舞茸の話が思ったより長くなったので、分割します。


さて秋の「最後に食べたいもの」その2ですが。


香茸コウタケ


このキノコの名前を知る人は、そんなに多くないのではと思います。

スーパーでは、そうそう売っているものでは無いはずなので。


私がこれを見たのは昭和の50年代あたりだったかなあ。

親が山から帰ってきて、そのキノコを喜々として見せてくれました。


それは直径20センチ弱くらいあったかな。

正直なところ、見た目美味しそうではありません。


形も、不格好です。

なんか表面がカサカサしていて、触れると痛そうな感じ。


魚のウロコを中途半端に剝いで無造作に焼いた表面のような外見。

それが『香茸コウタケ』との出会いでした。


翌日「香茸の炊き込みご飯」が、食卓にのぼりました。


具材は、香茸・油揚げ・鶏肉・人参だったかなあ。

味付けは出汁と醤油と酒、シンプルイズベスト。


うちはよく、炊き込みご飯をやります。
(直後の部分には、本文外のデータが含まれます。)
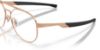 Picture of Oakley Eyeglasses GRAN PILOTO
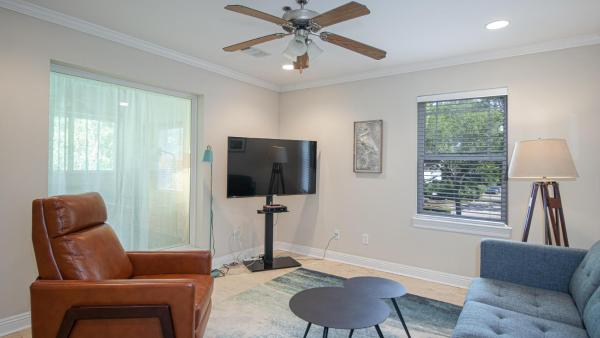 Guyton Place 209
好物でした。


しかし違う。

今日の、炊き込みご飯は違うぞ。


な ん だ こ の 香 り は


それは「山野が生み出した芳香」か?

いや山野から生まれて、その上空を飛ぶ仙界の香りか?

大地が生み出す野生の頂点に立つ香りか???


ええもう、安っぽい誉め言葉なんかどうでもいい


すっごいい香りのキノコご飯だぁ!!


香りの正体の香茸は、結構こまかく刻まれてご飯に炊きこまれていました。


一杯目は夢中にかき込みましたが、二杯目で冷静になって茶碗の中身を見ました。


この、細切りの茶色い物が「香り」の正体か。

あのガサガサした不細工なキノコが、こんな芳香を放つのかと


そりゃうちの両親も上機嫌になるわけだわと、納得させられた一品です。


香茸の料理を食べたのは、現時点であの一度きりです。

山野を歩き慣れている両親でも、そこそこ手に入らない品だったんだなぁ。



時は過ぎて平成。

私も大人になり、伴侶を持つくらいには成長した。


そんなある秋の日、テレビを観ていると「香茸」が映った。

秋の幸を伝える報道番組で、ああ私の親もあの位の大きさの「香茸」を採ってきたなぁ

と、昔の思い出に浸りかけた時、レポーターが発した言葉。


「この香茸、なんと一本4万円だそうです!!」



ブッ!!


吹いた、マジで吹き出した。


まあネットで調べると、通販でも可能らしいです。

値段も、1万円弱いでも、手に入るらしいです。小ぶりですが。


でも、直径20cmの舞茸って、そんなお値段なのね、買うと。


あの時の味を、もう一度味わいたいのは、事実です。


でも4万円出せるかと言ったら無理、1万円でもやっぱり無理。


自力で山に行って探し出せるかと言われたら、それも無理です。


長年の経験と知識と執念と勘と長い時間を経て


それはようやく辿り着く、天然のSSRアイテム。


戦前戦中を生きて来た世代の偉大さを、ただ思い知る。